In the center of the line, opposite the Marathas, were not only the 16th SS but also a division of infantry from Berlin Brandenburg. Their morale was low, reported the partisans, mainly due to the eccentric and merciless leadership of their commanding major general, who was a tireless advocate of the tactical approach of fighting to the last man. The Allies knew Generalleutnant Harry Hoppe well. He was an Evangelical Christian from Braunschweig in eastern Prussia who stood five foot eight and weighed 126 pounds. He had been a soldier since 1914, when he enlisted as a private. Continually wounded, continually decorated, and continually promoted, by the summer of 1944 he was a major general in charge of the defense of Ancona on the Adriatic coast south of Rimini. He’d already won the Knight’s Cross of the Iron Cross on the Russian Front, and he was to be mentioned in dispatches for his tenacious and highly skillful defense of the Adriatic port under a blistering attack by the Poles in late June. Nicknamed “Stan Laurel” by his men, because of his lack of height and facial resemblance to the popular comedian, he had changed his name from Arthur to Harry in February 1943 as he thought it would make him more popular with his men. Whether it did is doubtful. A newly arrived detachment was hardly reassured when greeted with, “You have come here to die and to be quick about it.”

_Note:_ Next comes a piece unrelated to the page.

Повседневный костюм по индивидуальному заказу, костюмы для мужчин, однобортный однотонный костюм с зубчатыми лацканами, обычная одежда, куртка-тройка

Using clichés such as “They Shall Not Pass” and “Better Death than Captivity” in front of parades did not inspire confidence in his men, a thousand of whom chose captivity over death when the unrelenting Poles of General Władysław Anders’s II Corps overwhelmed them at Ancona. The survivors of the 278th Infantry Division were then transferred to central Italy, where they were aghast to discover that opposite them was another enemy just as hard as the Poles: the Marathas of the 21st Indian Brigade. And to make things worse, behind them were the partisans. Even the remorselessly upbeat General Hoppe was obliged to describe Easter 1944 in his diary as “a somber festival” after partisans blew up a Good Friday cinema performance, killing a number of his men as they celebrated the holiday. But contrary to morale, which was variable, the quality of German leadership across Italy was high. The style of generalship varied, with determined leaders like Heidrich, Hoppe, and the 16th SS’s Max Simon. They led their men with a combination of tactical capability, inspiration, discipline and, in the case of the SS, ruthless devotion to a cause.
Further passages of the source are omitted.